Developers say Tech Works project will move ahead in Waterloo

July 12, 2012 By O. Kay Henderson

The Iowa man who attempted suicide Monday after federal regulators began closing in on his brokerage was heavily involved in plans for the $50-million “TechWorks” campus in Waterloo, near the John Deere tractor plant, but developers say the project will open as scheduled.

Russell Wasendorf, Senior — the C.E.O. of Peregrine Financial Group — had planned to open a restaurant in the facility and his son served on the “TechWorks” board of directors. Steve Dust, the C.E.O. of the Greater Cedar Valley Alliance and Chamber of Commerce, says the “TechWorks” campus is on track to open in November of next year.
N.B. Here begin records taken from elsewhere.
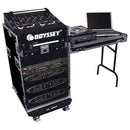 Odyssey FZ1116WDLX - 11U Top Slanted 16U Vertical Pro Combo Rack with Side Table and Casters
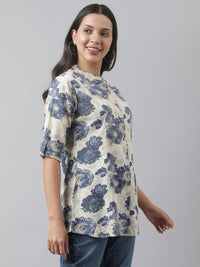 Divena Cream Floral Printed Rayon A-line Shirt Style Top - divena world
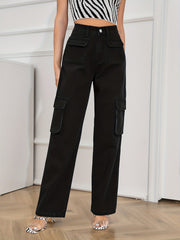 Flap Pockets Straight Jeans Loose Fit Non Stretch Cargo Denim Pants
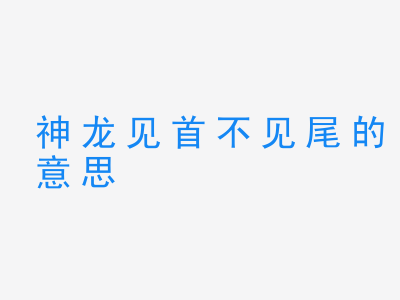 成语神龙见首不见尾的意思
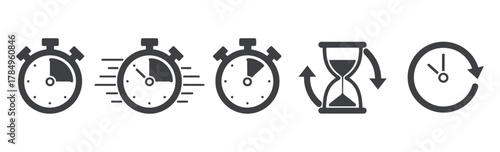 Time measurement and management icon set featuring stopwatches, a fast timer, hourglass, and a refresh clock symbol. Vector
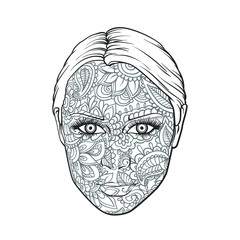 Vector illustration of a girls face with a line art pattern on her face in black and white design, for poster, print, banner, advertising, portrait of girl with face art, painting comic style, 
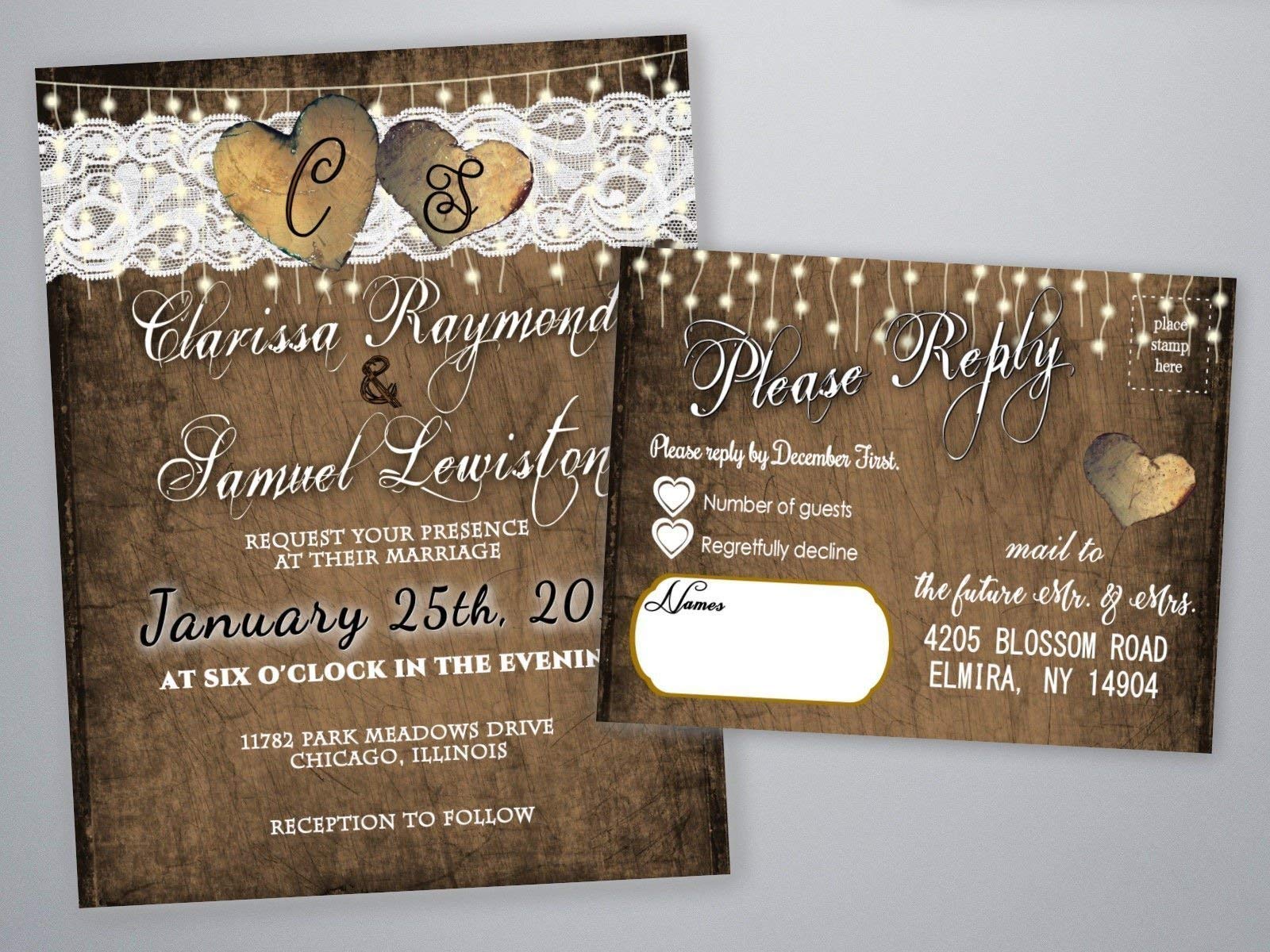Personalized Custom Rustic Wedding Tie The Knot Invitations with Rsvp Cards and Envelopes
“The developer of that project has already found another operator for a restaurant,” Dust says. “There was also some information that was absolutely false that there was some involvement of (the Wasendorfs) in the energy system ownership. They have been very involved in the planning, but there is no involvement in the ownership.”

In addition to his leadership role at the chamber, Dust is president of the TechWorks project. “The entire project moves along, unabated, with a new restaurant operator that’s going to be able to well-serve the needs of the campus and the John Deere museum and all the other facets of the campus life,” Dust says.

The “TechWorks” campus covers 40 acres and sits on the western edge of Waterloo. In January, John Deere donated what’s been dubbed the “Tech 2” building that will be turned into an upscale hotel, office space and what developers originally called a “restaurant complex.”

The John Deere Waterloo Tractor and Engine Museum on the “TechWorks” campus is scheduled to open next spring. Investigators suspect Wasendorf, Senior, falsified bank records for the past two years in an attempt to cover up a Ponzi scheme.